Jim racontait qu’étant assis sur un tronc d’arbre tombé et en train de prendre son repas de midi, composé de liquide et de lard rance, son oreille exercée avait perçu le bruit de sabots de chevaux.
Il avait eu à peine le temps de s’allonger à terre derrière l’arbre qu’une troupe de cavaliers traversa le bois et passa à un jet de pierre de lui.

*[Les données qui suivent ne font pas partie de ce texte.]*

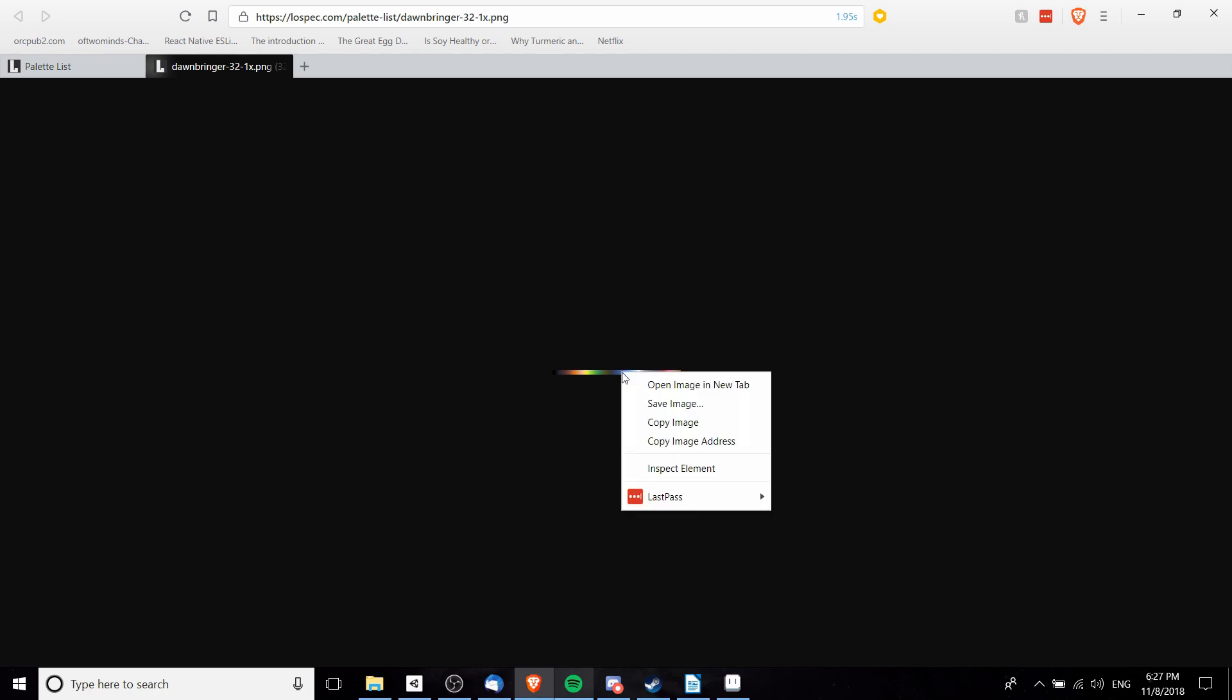Essentially what this is is just all the colors in a row. So if we zoom in here we can right-click and save this image.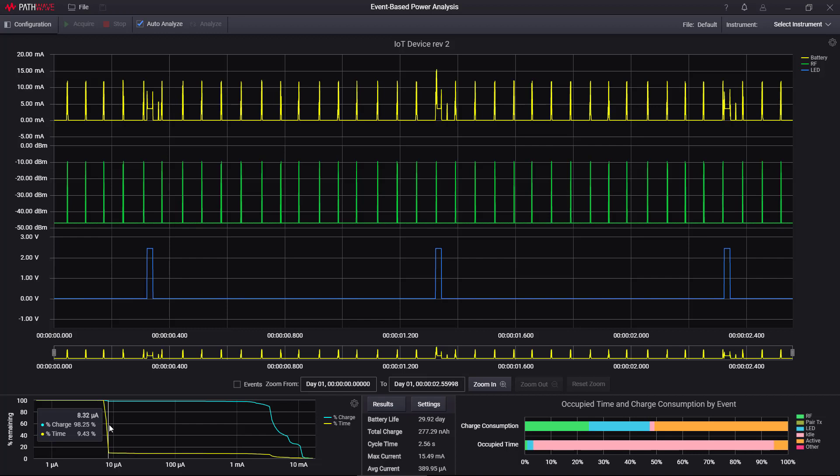But only 9% of its time. The other way to say that is that 90% of the time, the device is operating below 8.32 microamps, but only 1.75% of the charge is consumed below 8.32 microamps.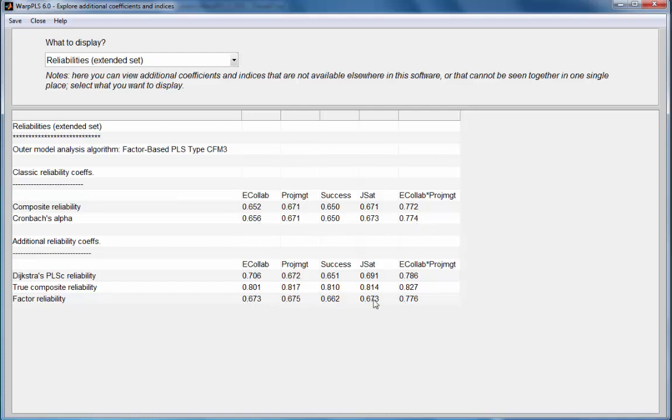When there is a great deal of heterogeneity in the loadings, then you see more of a distance between Cronbach's alpha and the other numbers. This concludes this demo.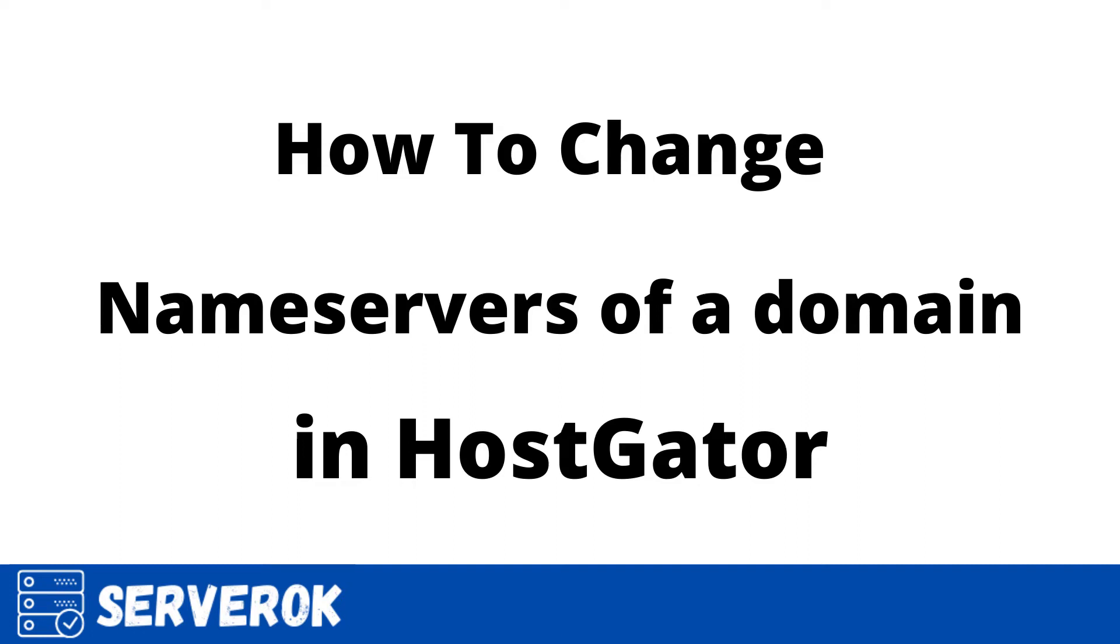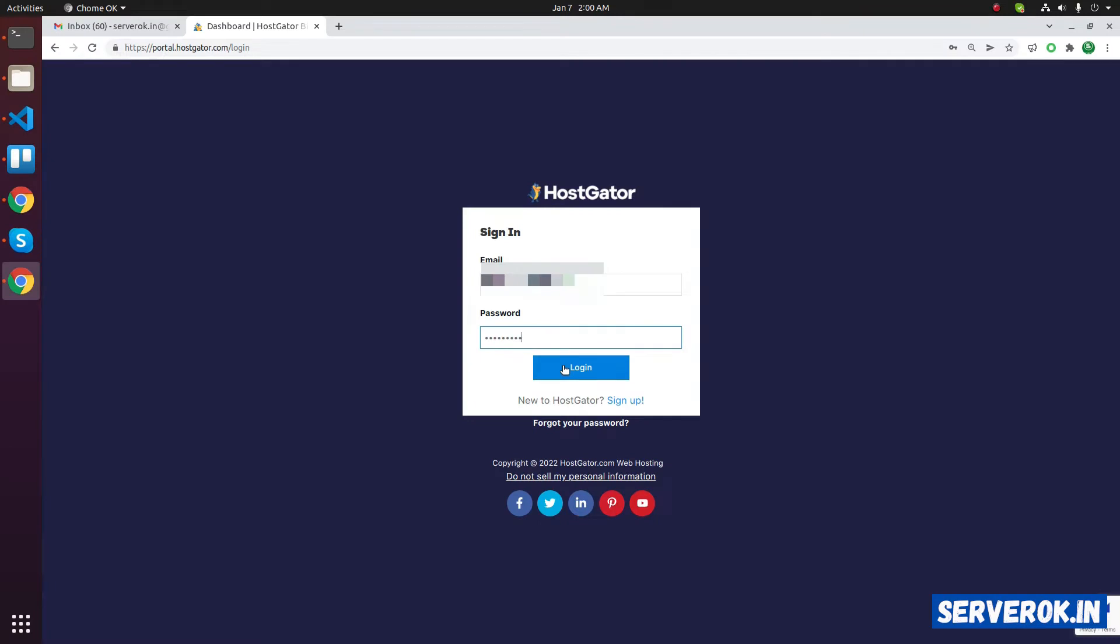In this video, we will change the name server of a domain name in HostGator. Let's login to HostGator.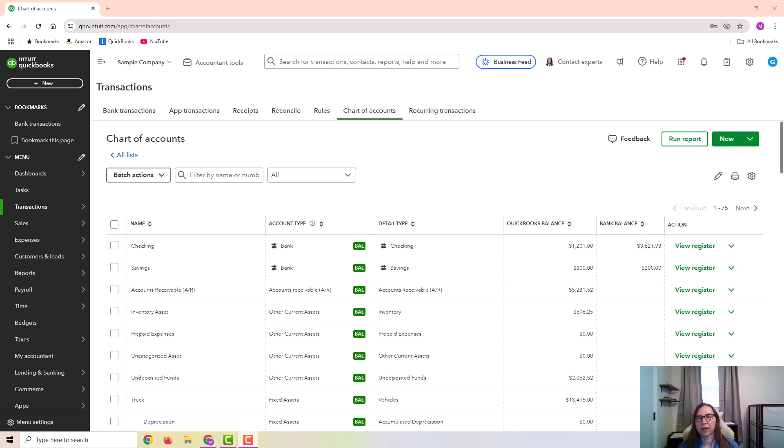In this video, I'm going to talk about how to handle employee loans or employee cash advances. I'm going to use QuickBooks Online to demonstrate this, but the concept would be the same in any program.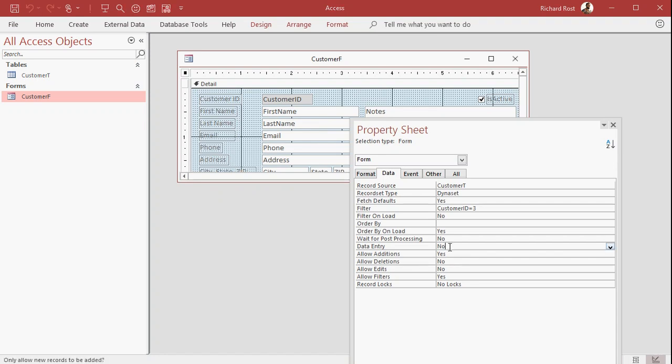If you set that to yes, that means they won't be able to see the records that are in there. That's handy if you want people doing like surveys or if you want them adding order information. You don't want them to be able to go back and look at all of the older information in the form. They can just add new records, but they can't see what's in there previously. That's what you turn on if you want to put data entry on.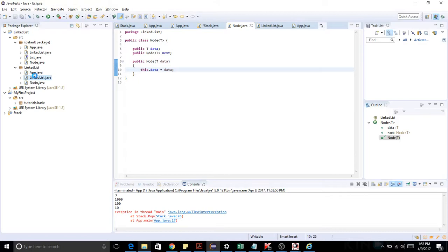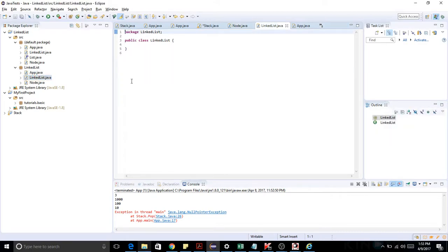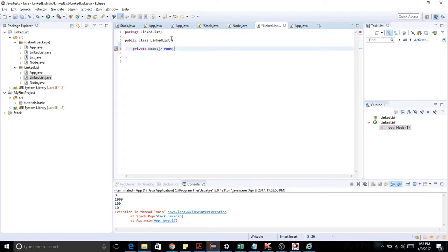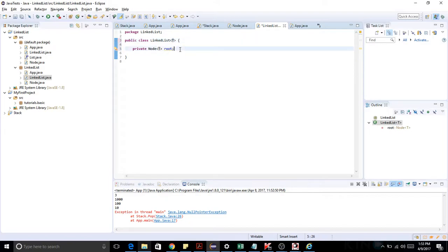Here in this LinkedList class I am going to make one root node. I'll make it private and it will be of type Node<T>, and let's call it root. This class will again be of type T — make it generic — and we have the root node now.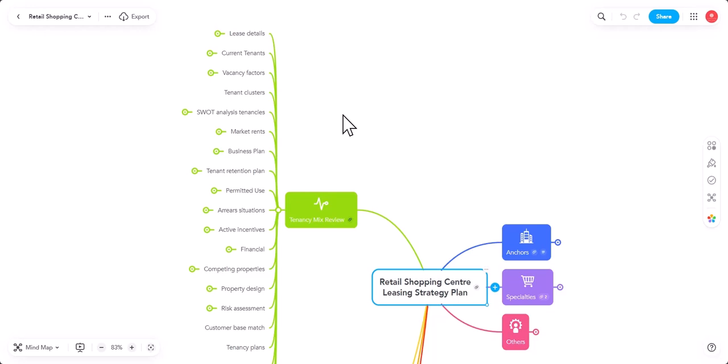You can make your own checklist as well from this. For all my friends online, I do actually share this particular chart with my friends online as part of the online community. So, please join there if you haven't already joined that community. So, tenancy mix review. Why am I looking at the tenancy mix? To understand the weaknesses, the strengths, the opportunities, the threats.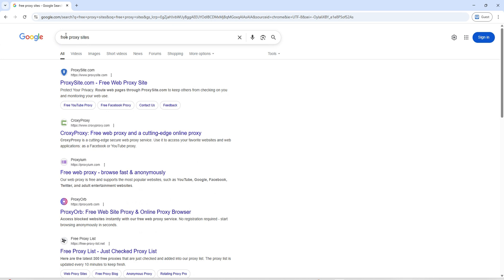Another trick is to use Google Translate as a middleman. You can paste the site's link into Google Translate, then click the translated link. This can sometimes sneak past filters.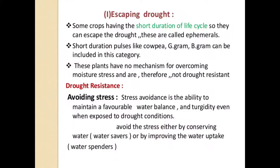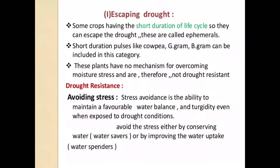The second adaptation is drought resistance. Stress avoidance is the ability of the plant to maintain a favorable water balance and turgidity even when exposed to drought conditions. Plants avoid stress either by conserving water — known as water savers — or by improving water uptake — known as water spenders.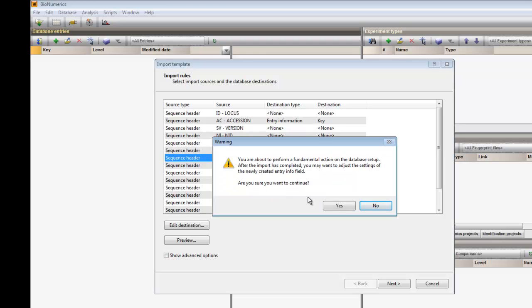A warning pops up saying that I am about to perform a fundamental action on the database setup. This action will be the creation of a new database information field. Please note that you need administrator privileges to do so. I confirm.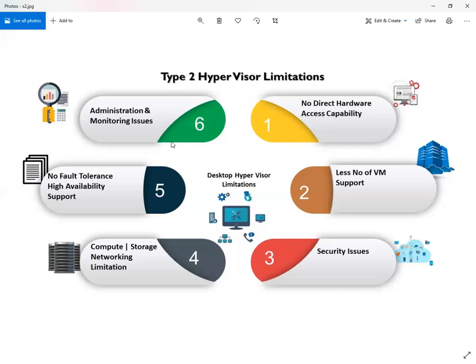There are a number of other limitations with Type 2 hypervisor — we just highlighted some of the key ones relevant to data center and production infrastructure requirements. So let's now explore Type 1 hypervisor and see what kind of advanced features are available.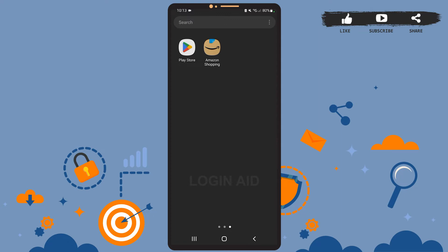You should have already installed the app to update it. I've already installed Amazon Shopping app on my phone. If you haven't done that, then go ahead and install the app first. Once you install the app, all you have to do is open Play Store on your phone.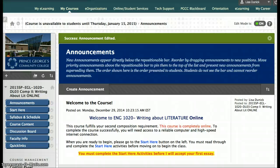Hello. This short video is going to introduce you to your Spring 2015 Writing About Literature online course. I'm going to walk you through the different parts of the course and the expectations so that you can get a good overview of what you need to do for the next 15 weeks.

—Il y avait là Bill Smeaton et Murphy Duff, dit-il.
C’étaient les noms de deux bandits bien connus.
«Il y en avait trois autres que je n’ai pas très bien vus. Ils ont pris la piste de droite. Ils avaient l’air d’être partis en expédition pour tout de bon, leurs fusils en main.
Jim fut soumis ce soir-là à un interrogatoire minutieux, mais rien ne put le faire varier dans sa déposition ni ajouter quelque clarté à ce qu’il avait vu.
Il raconta l’histoire plusieurs fois et à de longs intervalles, mais bien qu’il y eut peut-être d’agréables variations dans les détails, les faits essentiels restaient toujours les mêmes.
La chose commençait à prendre une tournure sérieuse.
Il y en eut toutefois qui exprimèrent bruyamment leurs doutes au sujet de l’existence de coureurs de la brousse.
Parmi ceux qui se firent ainsi le plus remarquer, était un jeune homme, perché sur un baril, au milieu de la pièce.